- [Available data]
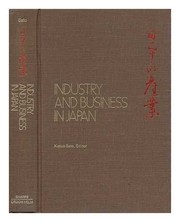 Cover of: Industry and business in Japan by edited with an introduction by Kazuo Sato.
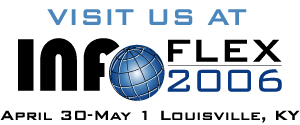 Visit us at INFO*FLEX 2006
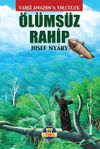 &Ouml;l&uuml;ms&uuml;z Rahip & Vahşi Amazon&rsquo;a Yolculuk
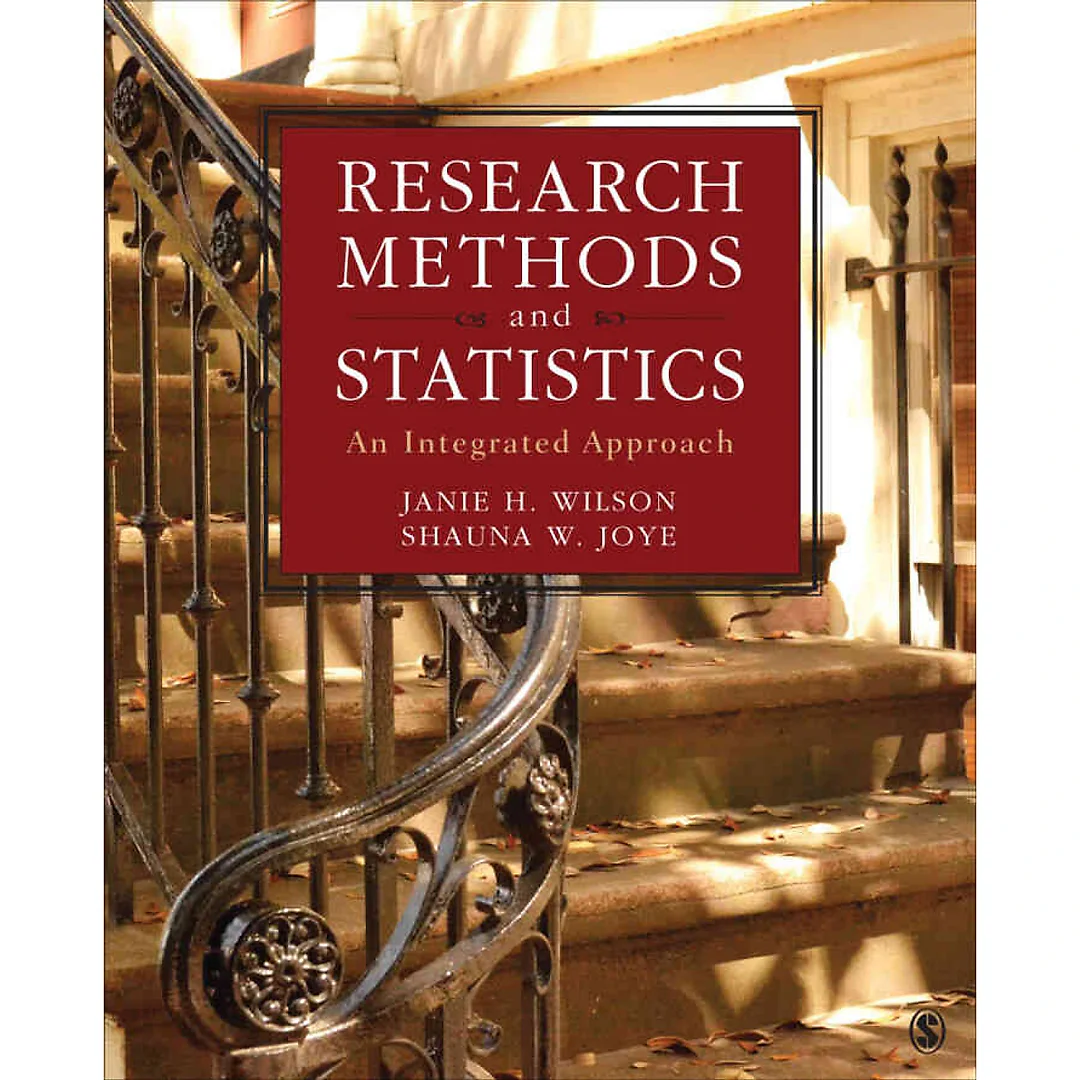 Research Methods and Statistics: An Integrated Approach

- [Requirement]
Your reply should hold every line above exactly as written and none of the pictures.

- [Written response]
 Cover of: Industry and business in Japan by edited with an introduction by Kazuo Sato.
 Visit us at INFO*FLEX 2006
 &Ouml;l&uuml;ms&uuml;z Rahip & Vahşi Amazon&rsquo;a Yolculuk
 Research Methods and Statistics: An Integrated Approach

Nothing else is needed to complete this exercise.